Fifteen Feet and Closing
At formation flying school, invading your neighbor's space becomes an art form.
- By Debbie Gary
- Air & Space magazine, January 2000
(Page 4 of 6)
The Bonanzas, however, follow a different procedure. Since they are training for their en masse arrival at Oshkosh, they must learn to land in formation. The first Bonanza formation that returns today is landing in “vic,” a V-shaped formation, with the wingmen on either side of lead. Perhaps they don’t see that the wind has picked up across the runway.
An airplane wing generates turbulent air, which normally streams behind its wingtips like horizontal tornadoes. When pilots fly close formation they learn to steer clear of these corkscrews. When the wind blows down the runway they flow straight back behind each airplane. But today the wind blows these vortices across the runway, from the Bonanza leader toward Elliott Schiffman on the left. The lead aircraft lands smoothly, and the right wingman is settling down. But Schiffman is caught in their vortices. His airplane begins to roll to the right, toward the other airplane. He fights for control, then finally realizes he has to slam the airplane onto the runway to stop the roll. He does—and blows a tire.

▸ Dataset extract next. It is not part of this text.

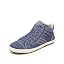 Indigo Distressed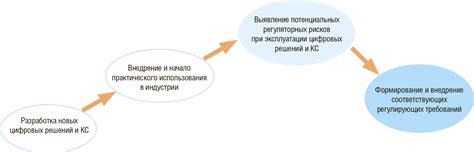 Регуляторные требования и пересмотр сценариев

“It flipped my wing,” Schiffman says later of the turbulent air. He is an orthopedic surgeon and apparently is used to thinking calmly under pressure. “I had full left rudder, full left aileron, and I was helpless, drifting to the right toward the plane on my right. It was like skidding on ice. All of a sudden you are along for the ride. You try, but the forces are more than you can control.”

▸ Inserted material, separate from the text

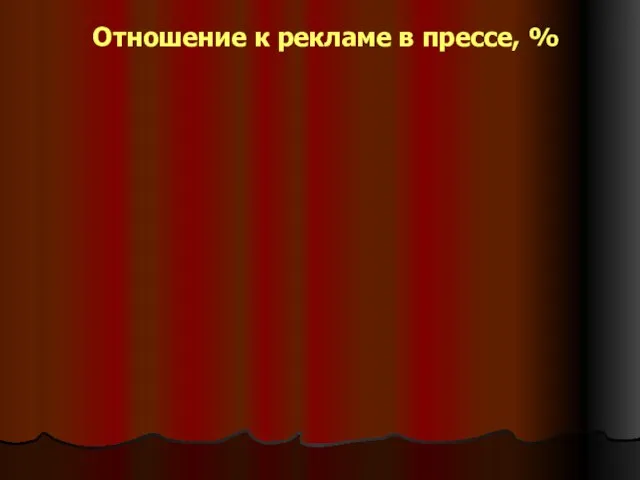 Отношение к рекламе в прессе, %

In 1973, I learned the same hard lesson, landing in formation at the Du Page County airshow in Illinois and dinging a wing. I flew formation aerobatics for four years and learned never to let my guard down near the ground or when close to another airplane. Even when your attention is riveted on the airplane in front of you, things happen fast.
During the week I’m in Mississippi, I fly with a number of pilots: Guy Moman Jr. in his Yak-52, Ritchie Jones in his flying club’s Bonanza, Bill Billups in the Glasair III he built, Steve Leonard in his SIAI-Marchetti, Terry Calloway and Stu Goldberg in their Bonanzas, and John Murphy in his L-39. Even though I have thousands of hours of formation flying experience, I am just like the other students, intoxicated by the magic of sailing through the air so close we can see one another’s grins.
Back on the ground, I stroll through the hangar to listen to debriefs. The cheery nervousness of the morning has given way to serious discussions. Everyone makes mistakes, and they are analyzed, in excruciating detail, so everyone can learn from them. There are long faces and disgruntled looks from men who are surprised to learn how many mistakes they could make on a one-hour flight. Flying that one considers crisp and precise is labeled by another rough and impossible to follow. The training is tough—and hard on the ego.
The lead pilot must lift off the runway gently so the other pilots can follow him. He must roll into his turn smoothly or his wingmen are caught off guard. Safety pilots debrief their charges. “What speed did you use on liftoff?” one of them asks. The pilot mumbles something. “Well, keep it on the runway longer next time and lift off smoothly. Lead has got to think about the guys behind him. Look at both your wingmen before you roll into a turn. Make sure they are looking at you.”
Rejoins are one of the hardest and sometimes most breathtaking maneuvers formation pilots learn. It takes experience to gauge how fast you are overtaking the lead airplane and even more experience to slide into position without overshooting. Wingmen, afraid of moving toward lead too fast, creep too slowly. Bolder beginners overshoot and have to make their airplanes slide under the leader. Most aircraft have no air brakes, so moving toward another airplane for a rejoin, then stopping exactly where you want to be, takes lots of practice—and lots of mistakes.